The old chook could walk through hell
.
As she turned, she looked as though she came from hell: she had put on a mask, like a witch with long, carved, wooden teeth. She stopped to pick a lump of brick from the bonnet of the Commodore. It was too heavy for her. She pushed it off, scraped it across the duco, down the slope of the bonnet and on to the ground.
Cathy was sitting on the gravel beside him. She said: ‘I got no pants.’
Howie helped her to her feet. She tugged down on her T-shirt, more worried about her arse than everything around her. He put his arm round her shoulders and felt she was shaking like a leaf.
‘Come on, honey,’ he said. ‘Come on baby, it’s O.K.’ He walked her towards the street, towards Granny Catchprice who was now pushing at a clump of bricks which had fallen on the Audi’s sleek black hood.
‘I need a dress,’ Cathy said. ‘Where are my shoes?’
‘I’ll get the truck out,’ he said. ‘All the gear is in the truck. Once we get the truck out we’re O.K.’
It was then he saw the flowers on the gravel, a line of them from the crumpled Spare Parts Department wall to the buckled Cyclone gates, splashes the size of carnations. They fell from Granny Catchprice’s face – fat drops of bright blood.
There was a noise like a calf bellowing. Howie turned to see a black track-suited figure running over the rubble of what had been their apartment. The noise was Mort. A figure in yellow robes was also stumbling towards them. The noise was Vish. They were both the noise, coming towards Granny Catchprice. She recognized the noise and turned. It was then Howie saw how badly hurt she was – the gelignite had ripped her face back to the bone, up from the gums and teeth to the nose. In the middle of this destruction, her eyes looked out like frightened things buried beneath a muddy field.
‘He touched her breasts,’ she said.
Howie put his hand around beneath her ribs to steady her. There was nothing to her – rag and bone. As he lay her down upon the gravel, she trembled and whimpered. It seemed too cruel to lay her head upon the gravel. He placed his hand beneath her for a pillow and squatted down beside her.
‘It’s O.K., Frieda,’ he said.
‘Rot!’ she said.
Howie felt himself pushed aside. It was Cathy, Mort, Vish – the Catchprices. They pushed him out like foreign matter. Cathy took her mother’s head and cradled it. Mort held her hand. They made a clump, a mass, they clung to her, like piglets at an old sow.

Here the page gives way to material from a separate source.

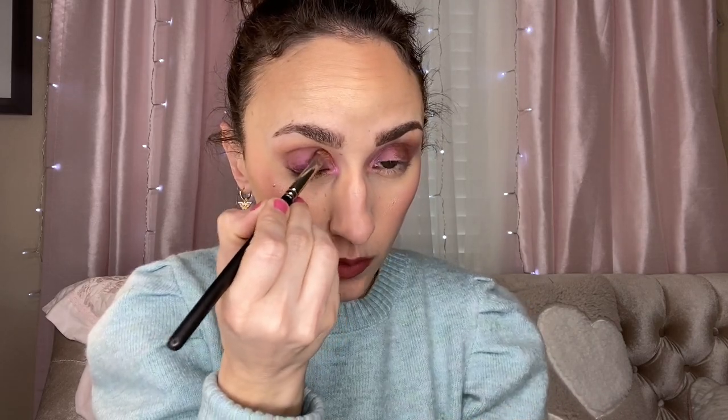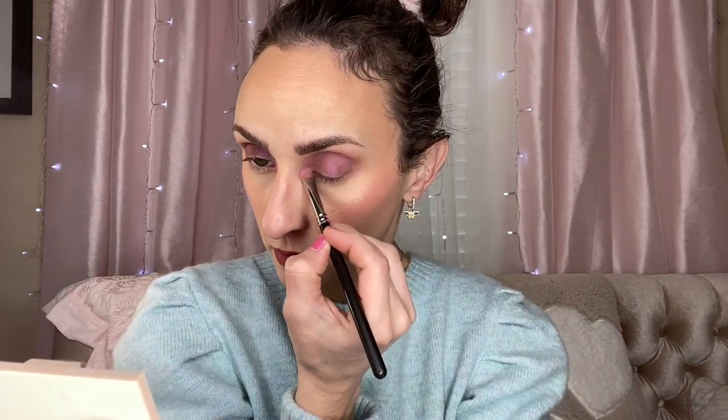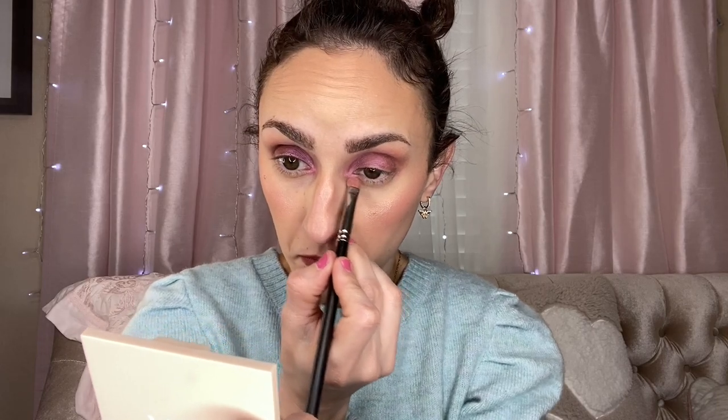Wetting the brush for this one brings out a little bit more pigment, obviously. That is the ever-so-famous Color Chalk. Let me go ahead and do mascara and lashes and I'll be right back.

‘Come on, honey,’ he pulled at his wife’s shoulder. ‘Come on.’ But they made a heap of bodies which left no room for him.
Howie walked back to the Big Mack truck alone. The engine was new and tight, but it started first off. He threw the long stick back into reverse, and edged the truck back until he felt resistance. Then he squeezed it forward, manoeuvring between the dust silver Statesman with black leather upholstery and the Commodore S.S. with the alloy wheels. It was a tight fit. He edged slowly past the red Barina Benny nearly sold to Gino Massaro.
But when he came to the Audi, he knew there was no longer room. He felt the resistance as the truck tray caught the Audi’s right-hand rear guard, nothing definite, but soft, like a sweater snagged in a barbed wire fence. He increased the pressure on the accelerator just a little. There was a drag, a soft ripping sensation. He knew he was cutting it like a can opener.
‘Sweet Jesus,’ he said. It felt as good as shitting.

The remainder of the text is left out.